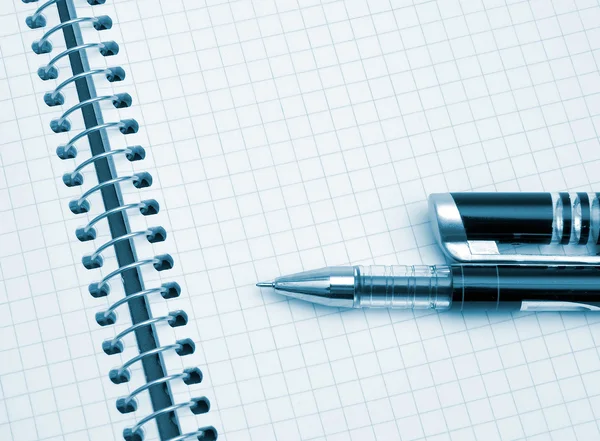 Тетрадь и ручка — стоковое фото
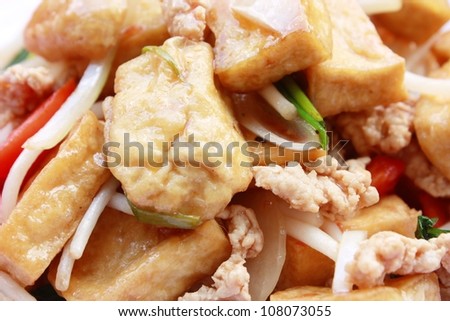 fried tofu with bean sprout
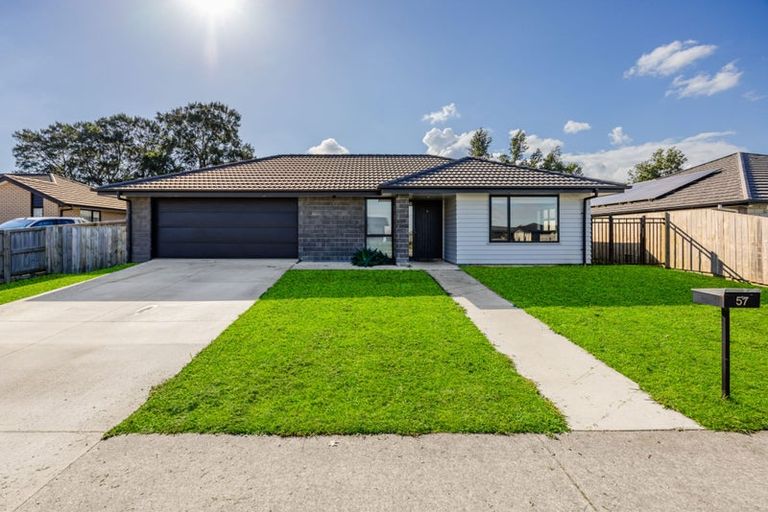 Photo of property in 57 Murray Ward Drive, Te Kauwhata, 3710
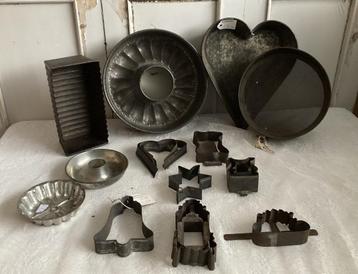 Brocante bakblikken - zeef - tulband - uitsteekvormpjes beschikbaar voor biedingen
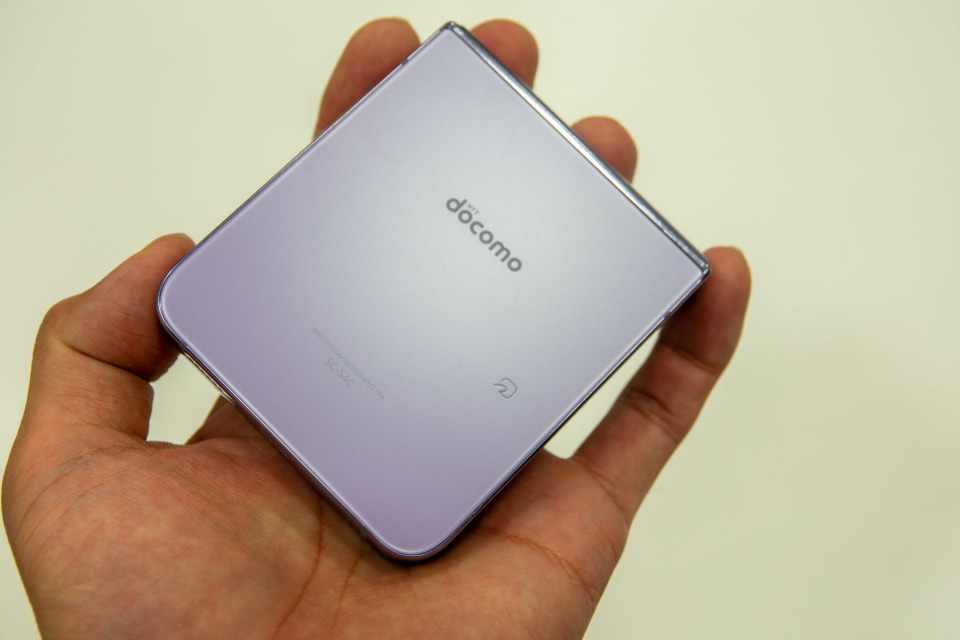 Galaxy Z Flip4」ハンズオンレポート] - ケータイ Watch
────────────────────
What to produce: Return to the listing above and set it down exactly, leaving out its pictures.

Written answer:
 Тетрадь и ручка — стоковое фото
 fried tofu with bean sprout
 Photo of property in 57 Murray Ward Drive, Te Kauwhata, 3710
 Brocante bakblikken - zeef - tulband - uitsteekvormpjes beschikbaar voor biedingen
 Galaxy Z Flip4」ハンズオンレポート] - ケータイ Watch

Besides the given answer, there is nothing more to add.